The last time the Philadelphia Eagles played the Carolina Panthers was one of the most lopsided games of head coach Chip Kelly's tenure. Like this year, the game was on Sunday night, but unlike last year, the Eagles will be traveling to Carolina to play one of the league's five undefeated teams.
The Panthers do a lot of things well, and quarterback Cam Newton has played better so far this season. The Eagles, meanwhile, have struggled to put together a complete game and still seem to be growing into their identity as a defensive football team.
Fortunately for Philadelphia, the lessons they've learned from their three wins this season provide a blueprint for putting the first blemish on Carolina's schedule, and for improving to better than .500 for the first time all year.
Playing a good rush defense? Run anyway.
In what is probably the strangest statistical anomaly of the young Eagles season, the Birds as a team have run for 100 yards three times this season. All three were wins, and two of the three came against top-ranked rush defenses. In Week 3, the Jets rush defense was ranked among the league's best, and last week's Giants team was giving up the fewest rushing yards in the league.
Both games had a few interesting things to note: both were against New York teams (okay, that's not especially interesting, but you can totally still use it as a reason to gloat), and while both games featured a 100-yard rusher, they were different in each game. Ryan Mathews hit the century mark first against the Jets, and DeMarco Murray got his against the Giants.

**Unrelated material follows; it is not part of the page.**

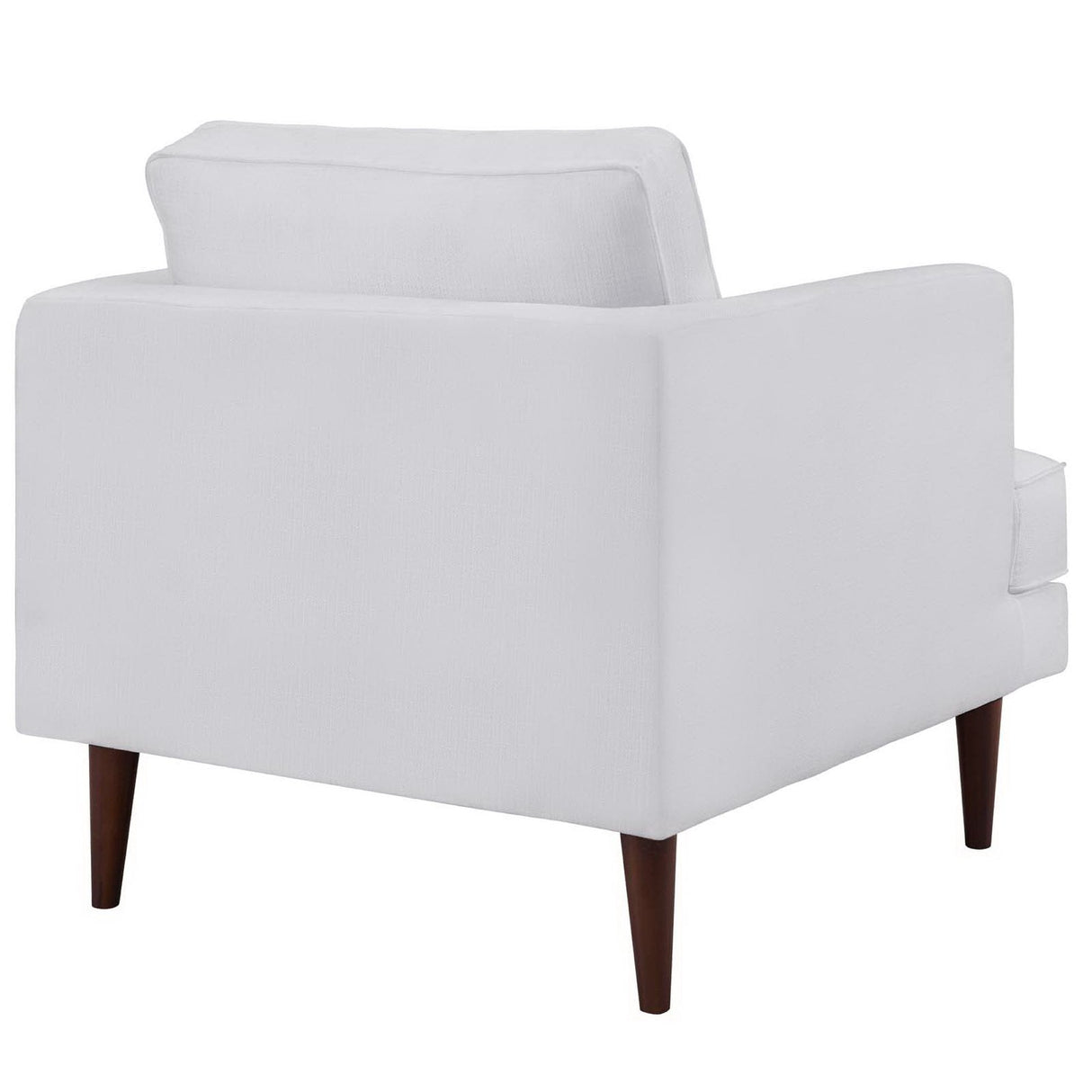 35 Inch Upholstered Fabric Armchair with Walnut-Stained Wood Legs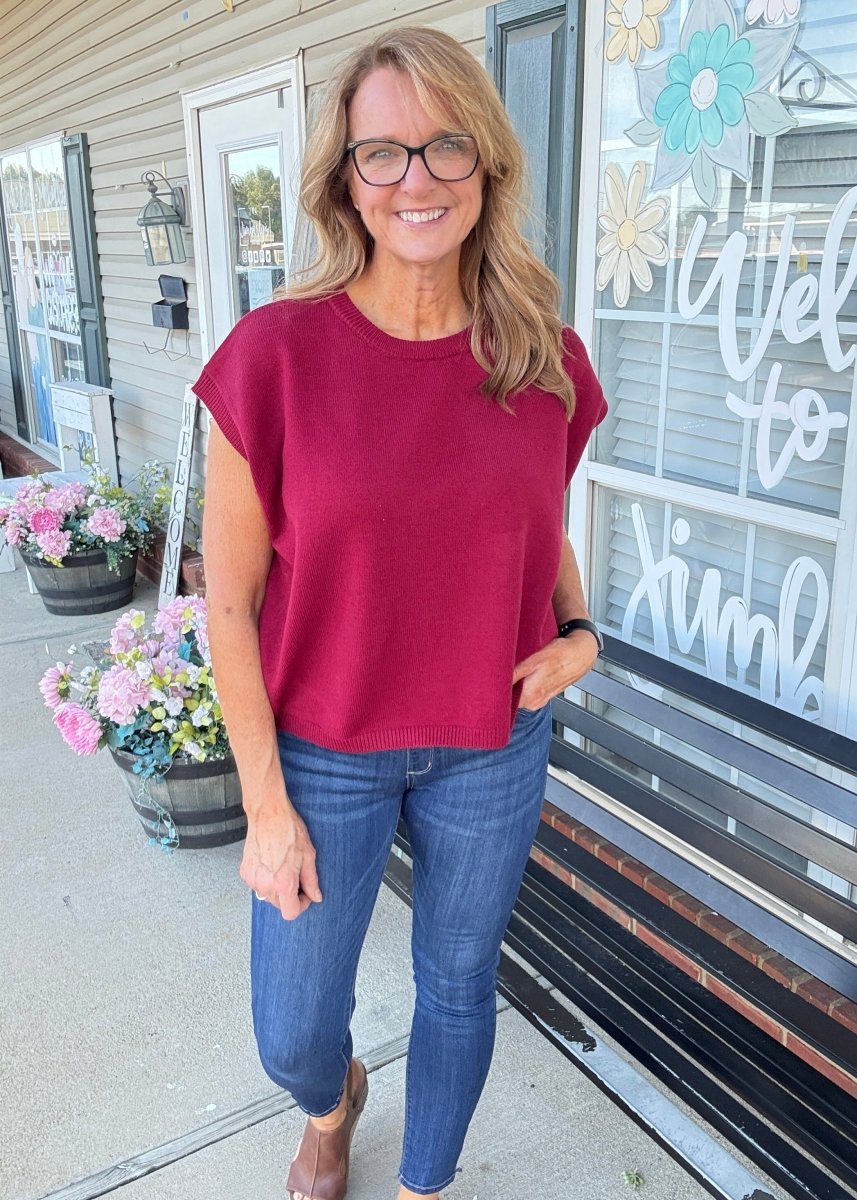 Cozy Box Top - Cabernet - sweater vest - Jimberly's Boutique - Olive Branch - Mississippi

But what might be most interesting is the timing aspect. The Eagles had struggled to run the ball in Weeks 1 and 2, but finally had some success in Week 3. But then right guard Andrew Gardner got hurt in New York, and it was back to the drawing board. Then - poof - three weeks later, the Eagles have another 100-yard rusher. Maybe three weeks is the magic number for offensive line cohesion. Somebody tell Chip - it's a #sportsscience breakthrough!
Keep the Panthers below seven points in the first half
The Eagles are 3-1 this season when the opposing team scores seven or fewer points in the first half of play. That seems like the ultimate "no duh" stat, but it's relevant in a year in which the offense has scored an average of 15.6 first-half points per win. Unless Bradford vastly improves his play in the latter half of the season, the Eagles will win games on defense. And that's fine, because the offense has shown that it can still create big plays at a moment's notice.
But this is especially important because of the Panthers offense's struggles in the first half. So far, Carolina has scored more than 10 points in the first half just once, and that was against the Buccaneers. In total, they have 54 first half points this year - exactly the same number the Eagles have scored. The only difference? Carolina's only played five games.
Think about that for a second: in one fewer game, the Panthers have scored the same number of first-half points as a team that has been shut out in the first half of not one, but two games. I'm not sure on which team that reflects more poorly.
Make Cam Newton turn it over
After last week's win, safety Malcolm Jenkins told reporters that the defense goes into each game with the goal of forcing three turnovers. And while they haven't hit that in every game, they've come pretty close. Through six games, the Eagles have eight interceptions to go with three fumble recoveries. In the Eagles' three wins, they've forced at least three turnovers, and have four takeaways in two of those games.
Last time the Eagles played Carolina, Cam Newton was a turnover machine. He threw for two touchdowns, but also three picks, fumbled twice and lost one of them. He was also sacked a whopping nine times.
Cam's been better in that area this year. To date, the Panthers have only given the ball away five times (four interceptions and a fumble), which ties them for the league's best turnover differential at +6. However, the Panthers haven't yet faced a defense as opportunistic as the Eagles. All of Carolina's wins have come against teams with fewer than 10 turnovers on the season.
The Eagles have proven in the past that they have the horses up front to get to Newton, and have also shown that they can take the ball away when given the opportunity. It will definitely be worth seeing if they can do it again on Sunday night.